*** DATASET RECORDS Section Begins ***

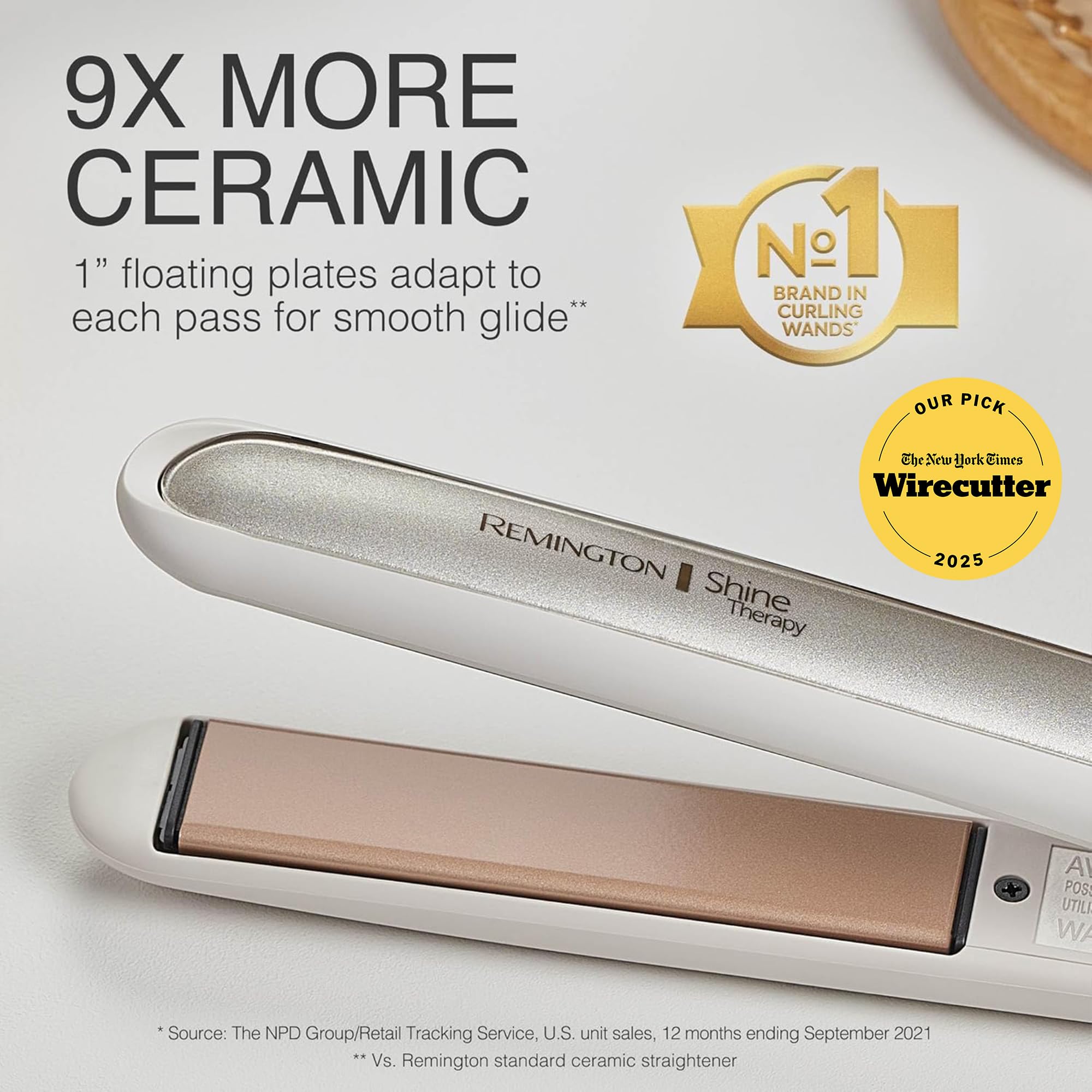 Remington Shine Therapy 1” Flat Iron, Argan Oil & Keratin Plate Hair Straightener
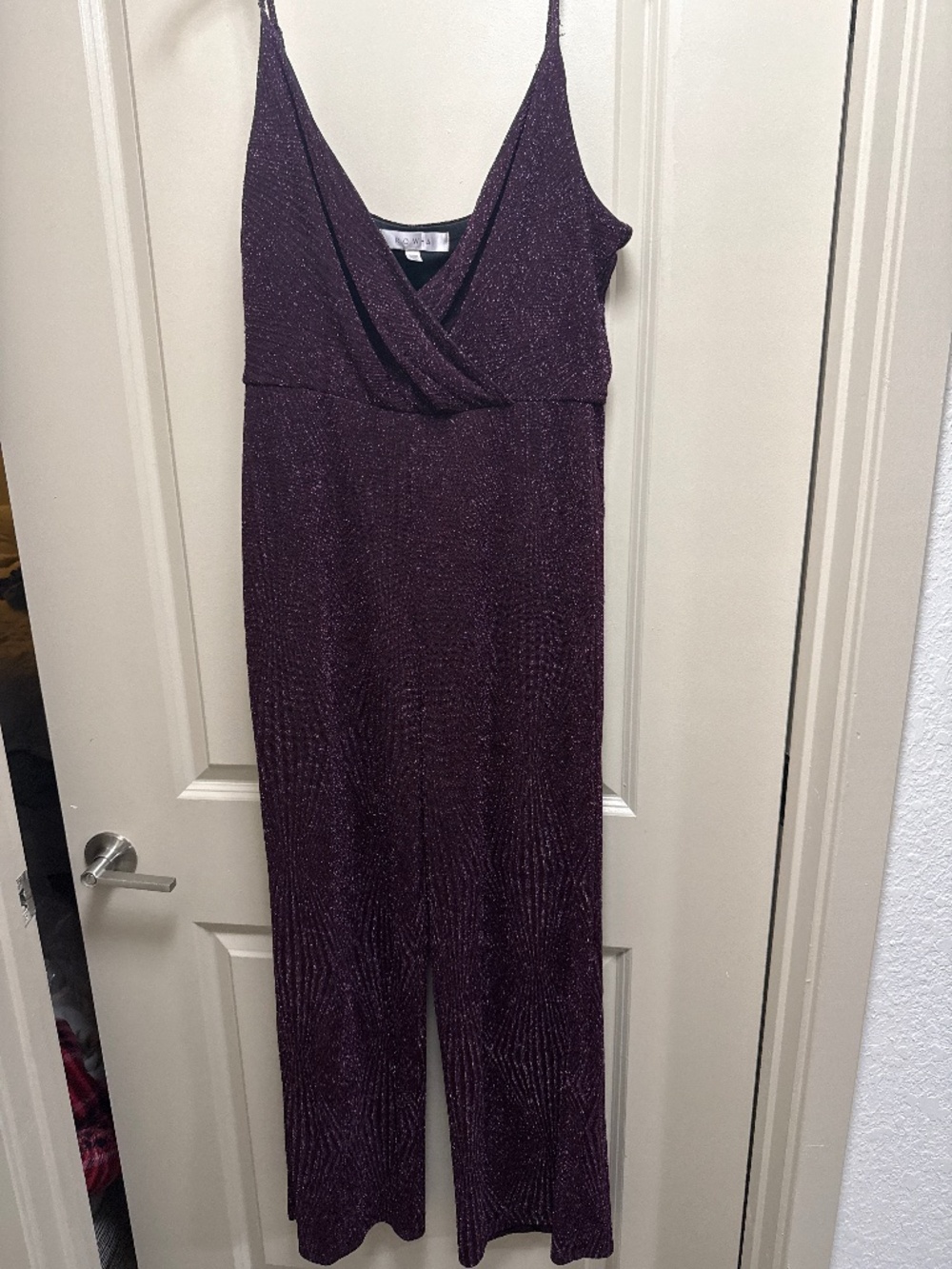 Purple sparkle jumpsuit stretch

*** DATASET RECORDS Section Ends ***
*** DATASET RECORDS Section Begins ***

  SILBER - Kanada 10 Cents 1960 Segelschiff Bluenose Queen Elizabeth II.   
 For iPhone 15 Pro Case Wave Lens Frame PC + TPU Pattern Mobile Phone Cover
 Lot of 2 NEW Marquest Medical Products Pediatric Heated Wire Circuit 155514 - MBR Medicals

*** DATASET RECORDS Section Ends ***
*** DATASET RECORDS Section Begins ***

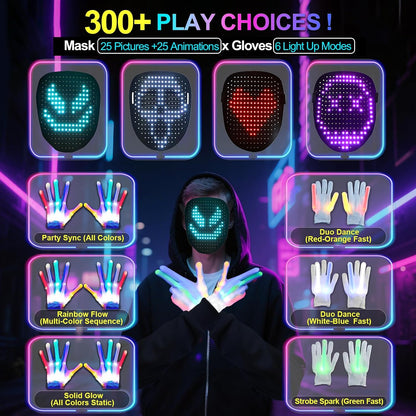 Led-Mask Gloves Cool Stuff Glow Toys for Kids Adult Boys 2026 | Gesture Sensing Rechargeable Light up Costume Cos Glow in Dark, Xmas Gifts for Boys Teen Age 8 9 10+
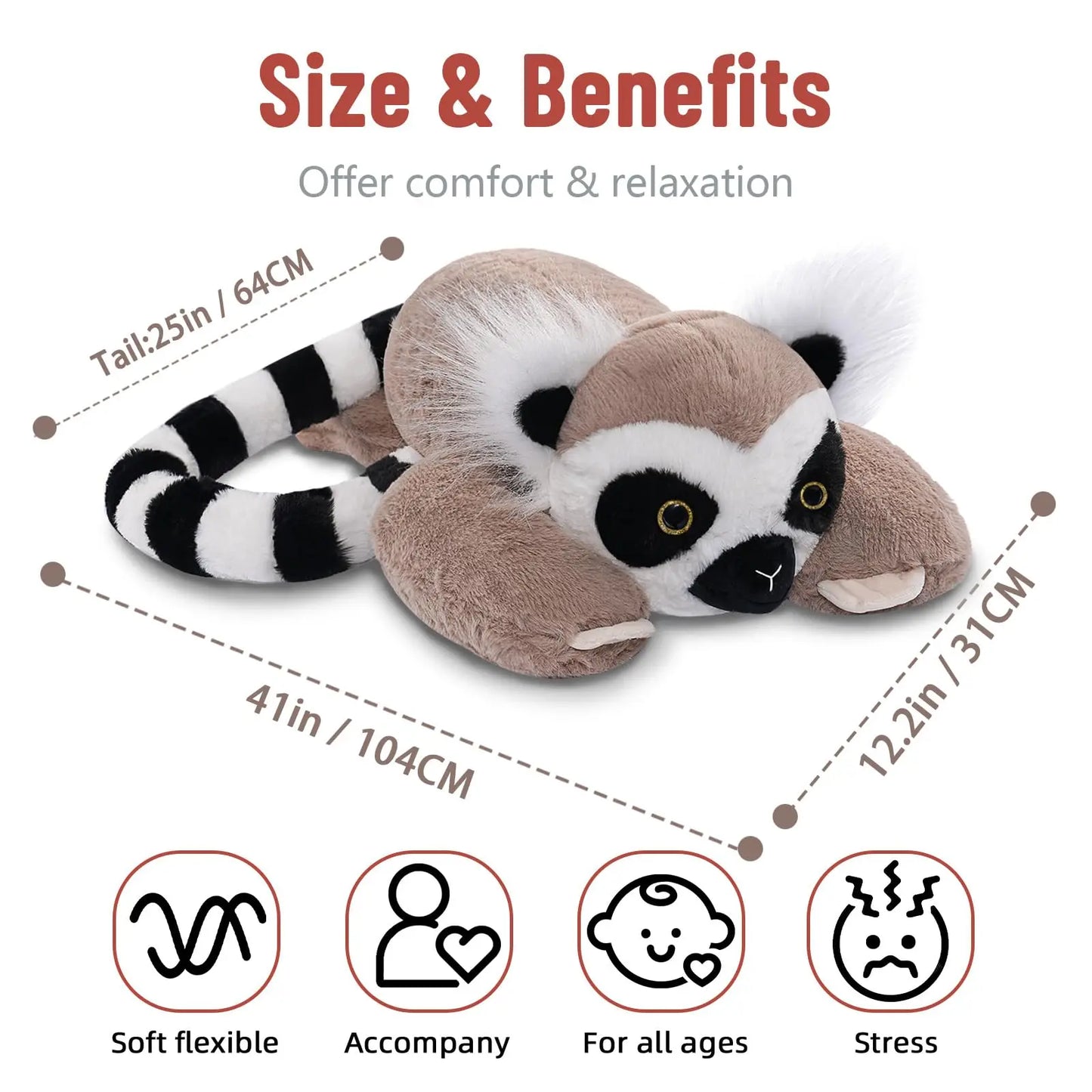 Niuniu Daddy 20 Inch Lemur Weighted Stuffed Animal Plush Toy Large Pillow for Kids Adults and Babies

*** DATASET RECORDS Section Ends ***

ASSIGNMENT: Word for word, write out the lines above running from the one with "Remington Shine Therapy" up to and including the one with "Purple sparkle jumpsuit stretch". Drop any picture.

WRITTEN SOLUTION:
 Remington Shine Therapy 1” Flat Iron, Argan Oil & Keratin Plate Hair Straightener
 Purple sparkle jumpsuit stretch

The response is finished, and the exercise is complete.